[What the task requires]: All of the data should be restated word for word, with the pictures omitted.

--- START ---

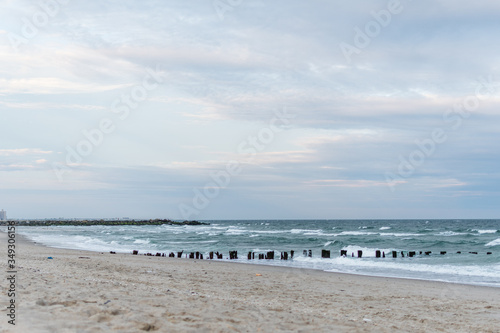 Empty Rockaway Beach at sunset in Queens  New York City in May 2020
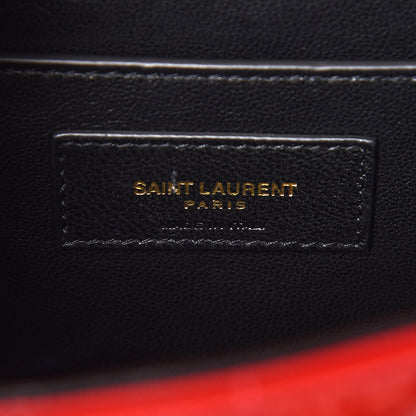 Saint Laurent Patent Matelasse Monogram Large Vicky Chain Bag Rouge Eros 6 of 10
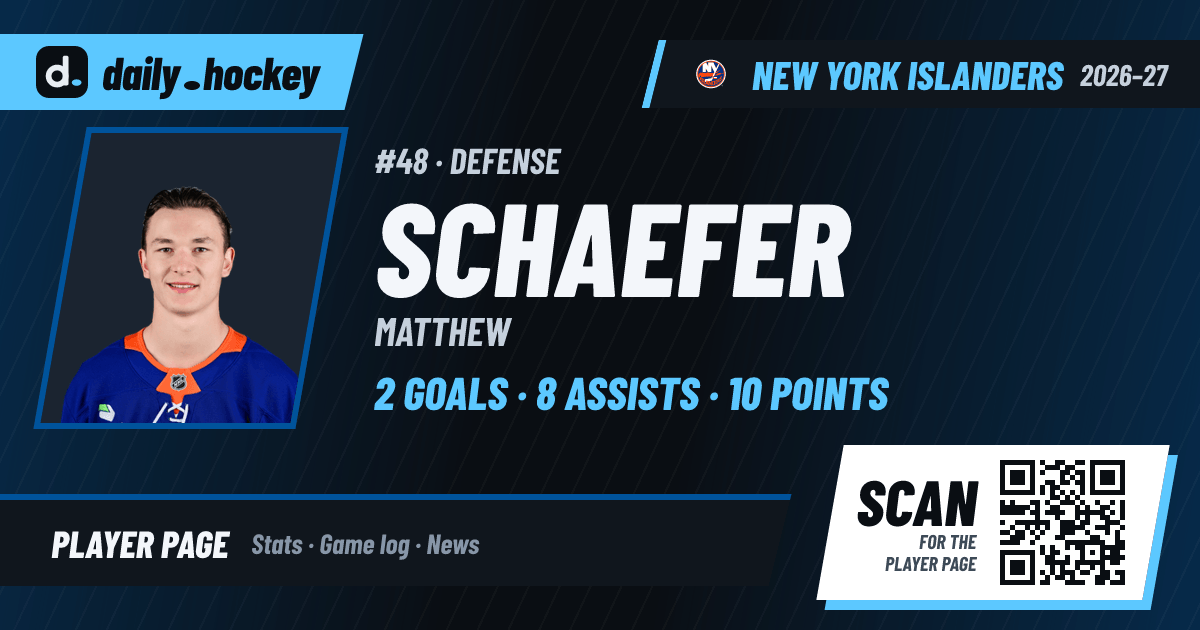 Matthew Schaefer Stats 2026-27, Game Log & Bio · daily.hockey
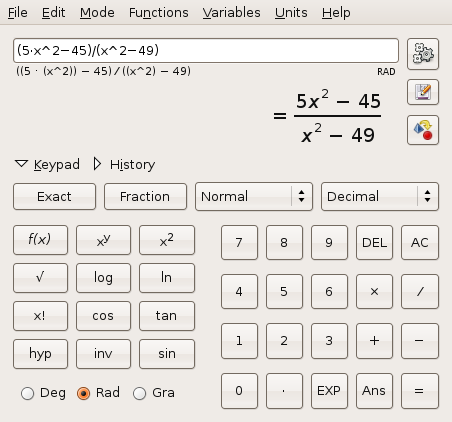 Qalculate! rational functions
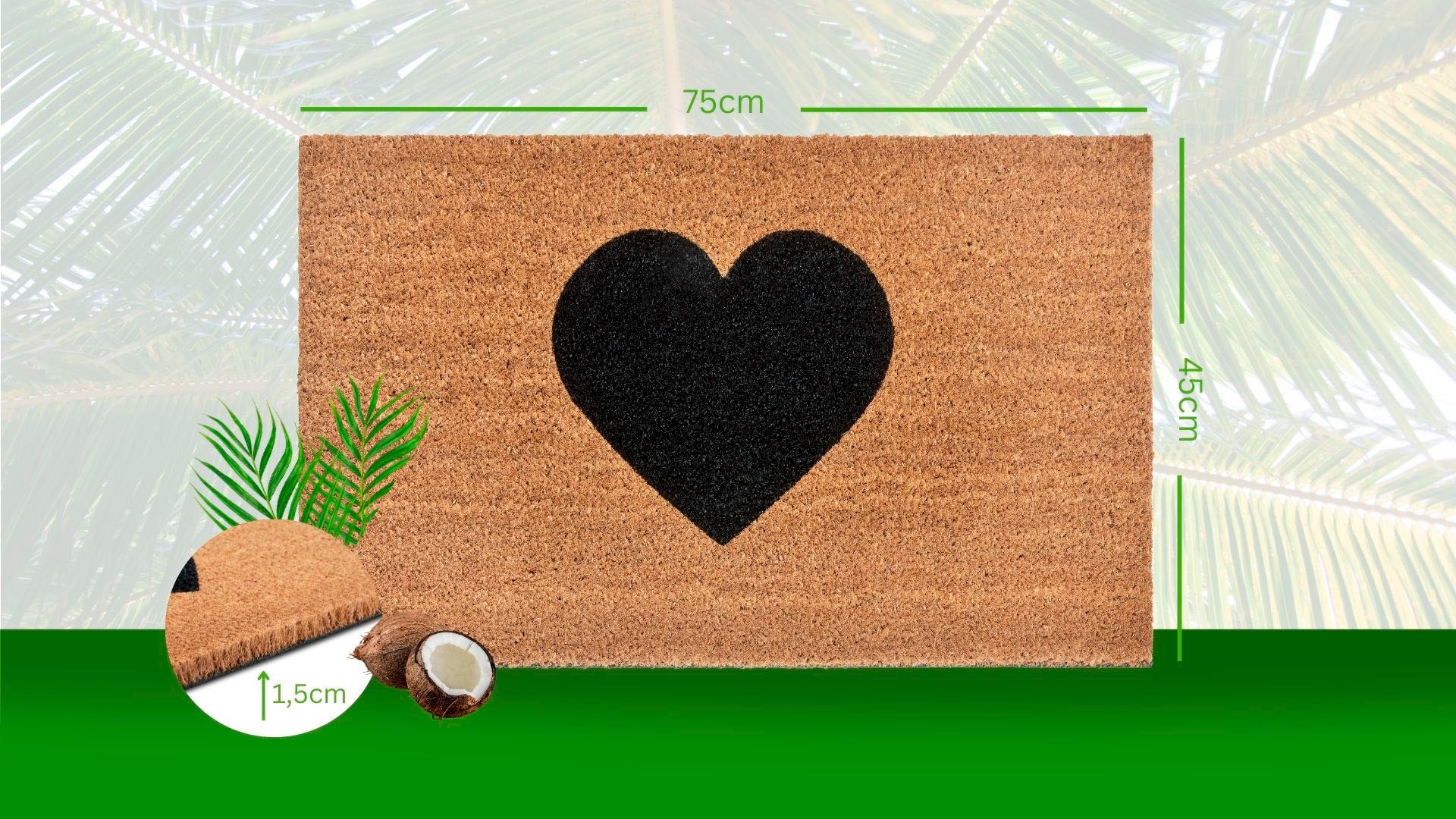 HANSE Home Fussmatte »Mix Mats  Kokos Heart, Türmatte« rechteckig 15 mm Höhe Kokos, Schmutzfangmatte, Outdoor, Rutschfest, Innen, Kokosmatte, Flur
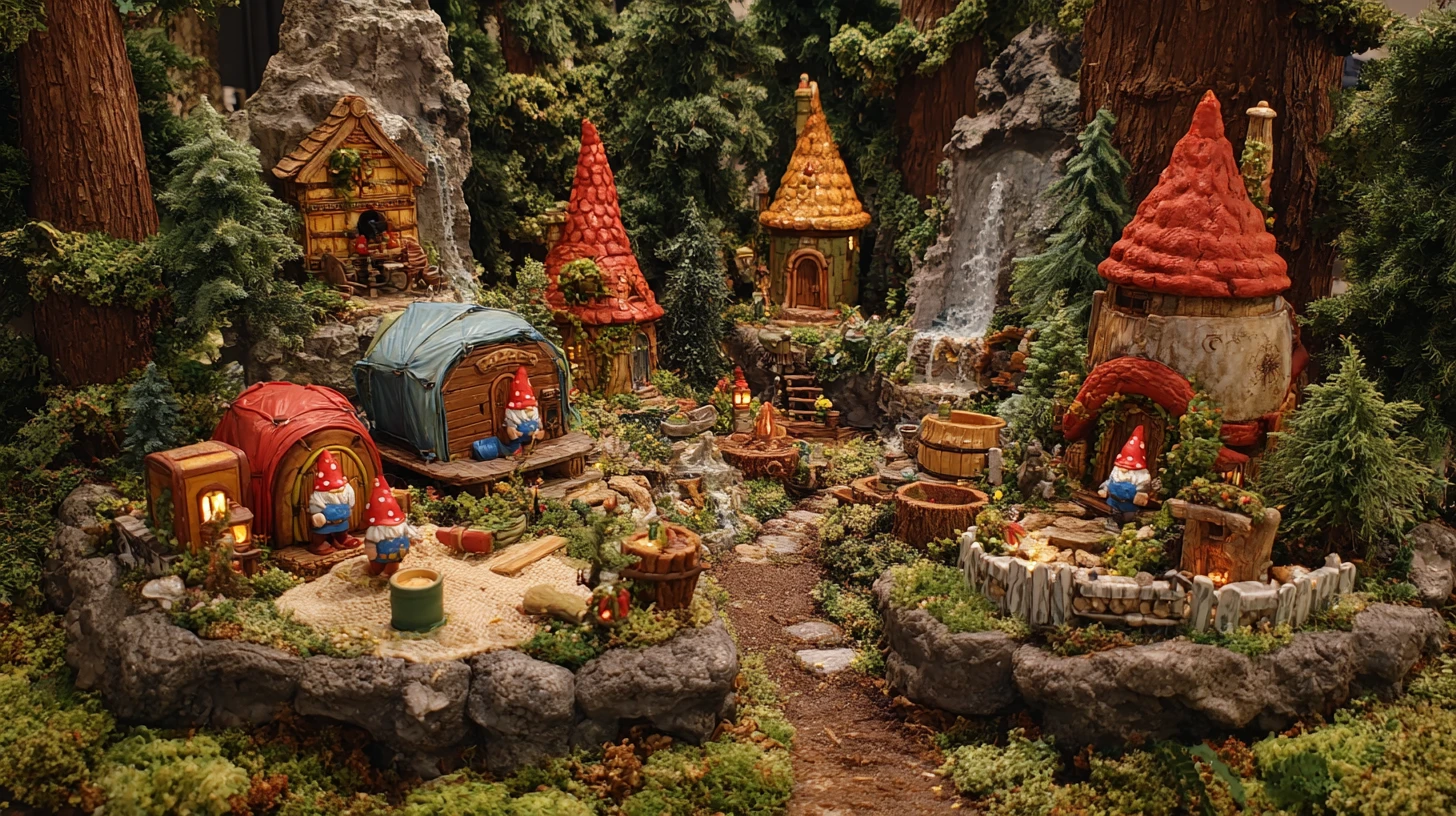 Whimsical gnome village built from camping gear in deep forest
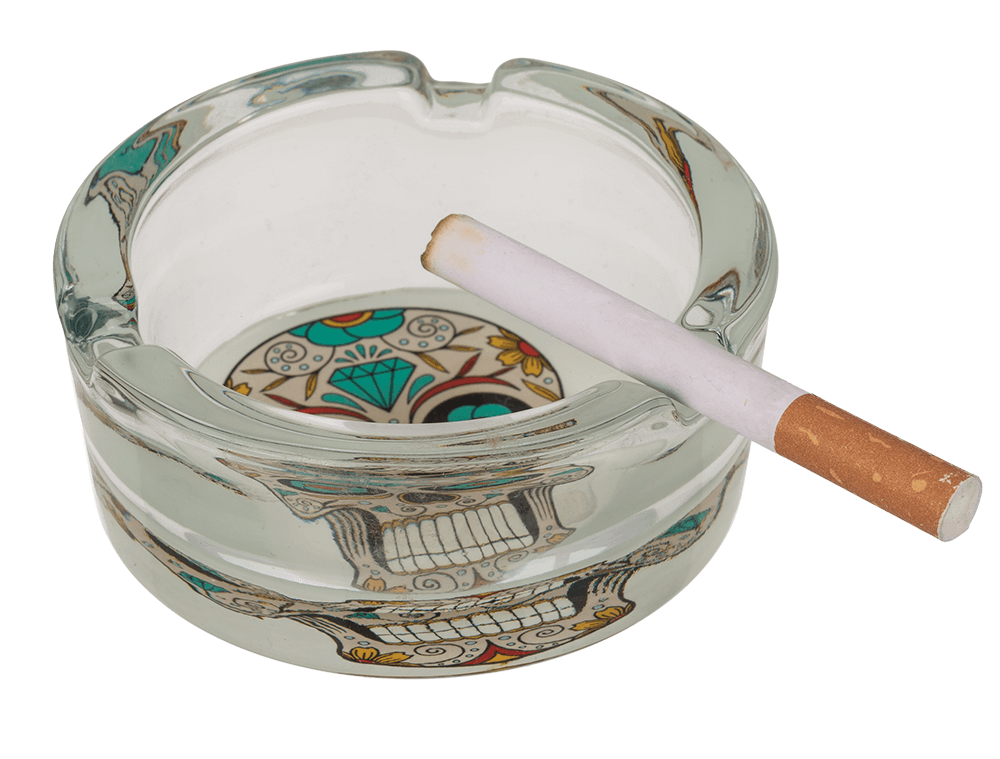 Glass ashtray, Coloured Skull,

--- END ---

[Answer below]:
 Empty Rockaway Beach at sunset in Queens  New York City in May 2020
 Saint Laurent Patent Matelasse Monogram Large Vicky Chain Bag Rouge Eros 6 of 10
 Matthew Schaefer Stats 2026-27, Game Log & Bio · daily.hockey
 Qalculate! rational functions
 HANSE Home Fussmatte »Mix Mats  Kokos Heart, Türmatte« rechteckig 15 mm Höhe Kokos, Schmutzfangmatte, Outdoor, Rutschfest, Innen, Kokosmatte, Flur
 Whimsical gnome village built from camping gear in deep forest
 Glass ashtray, Coloured Skull,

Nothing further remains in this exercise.